The use of large amounts of mastic on windows etc is quite common (even on brand new vans) but excess can be easily removed. Although it's unsightly, at least you know that something has been well sealed if the sealant has been squeezed out!

I can recommend a repairer in South Wales, but that's not a lot of use to you in Wrexham. Hopefully someone in your area will know someone who can help.

Phil


----------



## eurajohn (May 9, 2005)

I'm not familiar with your particular vehicle but will add my thoughts to the others already posted.
Hindsight being a wonderful thing, perhaps the first mistake was buying from a car dealer with no motorhome experience, however you have a problem.
Being on a panel van I would doubt if any woodwork was structural (unlike a coachbuilt for instance), so although it would be desirable to remove and replace all of the damp timber, you would probably get away with replacing an area immediately around the opening which would give support to the Heki. 
With the surround replaced fit the Heki with Sikaflex not the recommended way of things but if done properly it will not leak, the down side of doing that is that if for whatever reason the unit needed to be removed it would not be posible without virtually destroying the Heki.

Should you decide to go down the get rid of route, definitely forget welding a panel in as the amount of remedial work afterwards would be excessive, as previously suggested get a panel cut to size that overlaps the opening by 50mm all around and Sikaflex in place, you will then be left with what to do inside the van to disguise the repair.

Keeping the vent is the best solution, the problem will be if you can't do the work yourself will be finding and trusting someone to do the job.

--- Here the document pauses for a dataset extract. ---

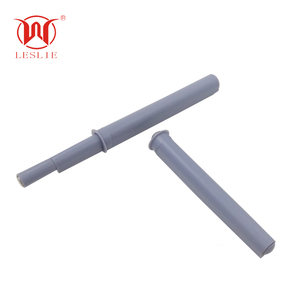 Amortisseur professionnel dissimulé à fermeture douce <span class=keywords><strong>pour</strong></span> armoires, avec loquet en plastique à ouverture par poussée et tampon de chocs - Product Image 6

For non standard type of work the average dealer is useless unless you are lucky. The main problem is that to do it properly and with care the task will be time consuming, it is the sort of job that a good DIY type could do for you.


----------



## 113016 (Jun 5, 2008)

Just an after though to Eurajohns post.
As John stated, a normal dealer would probably be useless.
having been in the Marine Business, any good boat builder would be able to sort the problem out as many boat repairs are bespoke!


----------



## Easyriders (May 16, 2011)

Thank you to everyone. I will write to the dealer as you suggest, NTG, but even if we get satisfaction from him after 2 weeks this doesn't give us much time to get the repair done, and we simply have to leave home in it in mid January.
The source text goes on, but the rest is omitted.